I was not kidding when I said I shop at the supermarket for my beauty needs. Like recently, I was itching to buy some interesting cooking oils I spotted at Finest; on the shelves were avocado oil, macademia oil, grapeseed oil, sunflower oil, sweet almond oil and rice bran oil. I’ve only used extra virgin olive oil at home but these other oils would make good skin oils. But the question is, can I use these food grade oils on my skin? I know some of you have the same question and I’ll attempt to answer this today.
Difference maybe subtle
Based on information I’ve read, the difference between food grade and cosmetic grade oil is very subtle and sometimes, the only difference is the production process. A vegetable oil that is intended for food processing will become a cosmetic grade material if used in a non-food processing facility because food processors must comply with food handling permits, as well as inspections by the local health department. I understand that some oils used in skin care products are refined a little further to remove the characteristic odor. Take argan oil for example:
There are two main types of argan oil – cosmetic and culinary. Cosmetic oil is made from the unroasted argan kernels; culinary argan oil is made from the roasted argan kernels. Roasting the kernels changes the scent of the oil and gives culinary argan oil a nutty scent and flavor.
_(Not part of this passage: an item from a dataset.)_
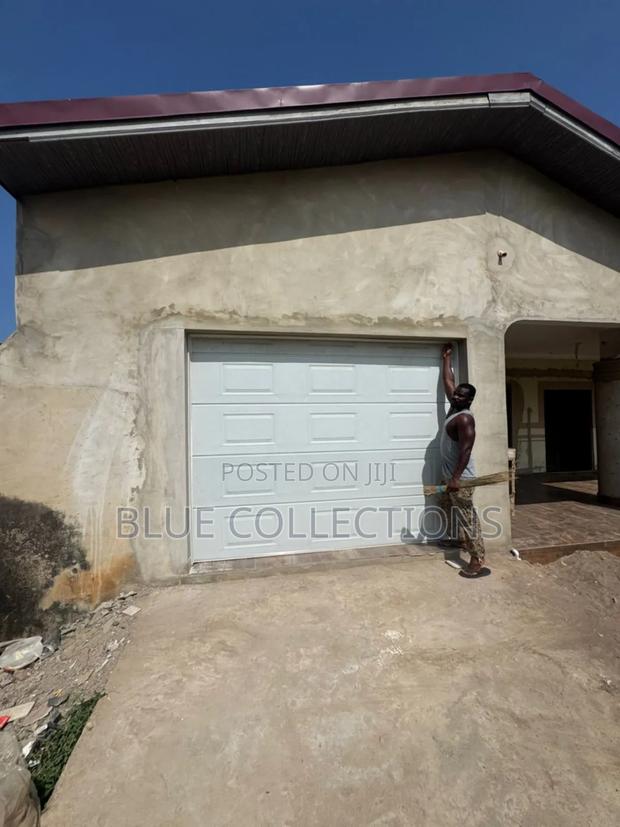Garage Door With Motor and Remote · Photo 2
Apart from the scent, there isn’t much difference between the two types of argan oil, although it’s better to use the cosmetic argan oil for your skin (it can also be used on hair and nails too).
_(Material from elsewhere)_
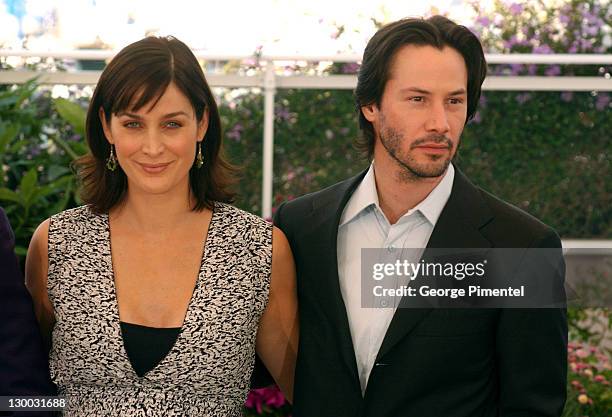 Carrie-Anne Moss and Keanu Reeves during 2003 Cannes Film Festival - "Matrix Reloaded" Photo Call at Palais des Festivals in Cannes, France.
It appears that at the production of the cosmetic argan oil, the seeds are unroasted and the oil is hence, more concentrated. So you can say that cosmetic grade is better for our skin in this case. However, it may not be the case for other types of oils as I’ve learnt that in certain cases, the worst fruit is used to make oil for cosmetics.
Cooking and cosmetic application
But I believe that those culinary oil that are are marked as organic, cold or expeller pressed can be used on our skin as well. For example, it is said that “in addition to being a noteworthy cooking oil, cold pressed camellia oil is a nutritive cosmeceutical oil that is said to be the ancient beauty secret of the geishas. (source)
Cosmetic grade cannot be used for cooking
And obviously, while the difference between the two grades of oils maybe subtle, you can never use cosmetic grade oils for cooking. The reason is some cosmetic oils are stabilized with chemicals which could be harmful to consume. Even if they are 100% pure, I would not recommend as they are not produced according to requirements for food safety.
Personally, I’ve used pure extra virgin olive oil meant for cooking on my skin. Other than that, I’ve not tried using other types of cooking oil. I am still contemplating if I should get some of the interesting culinary oils for my body because they are obviously, cheaper than cosmetic grade oils. I think the question is more like – do I want to? Well, I am willing to use such culinary oils on my body but am less willing to try them on my face.
What is your experience?
What about you? Do you think it’s safe to use cooking oil on our skin? What’s your take and experience on that?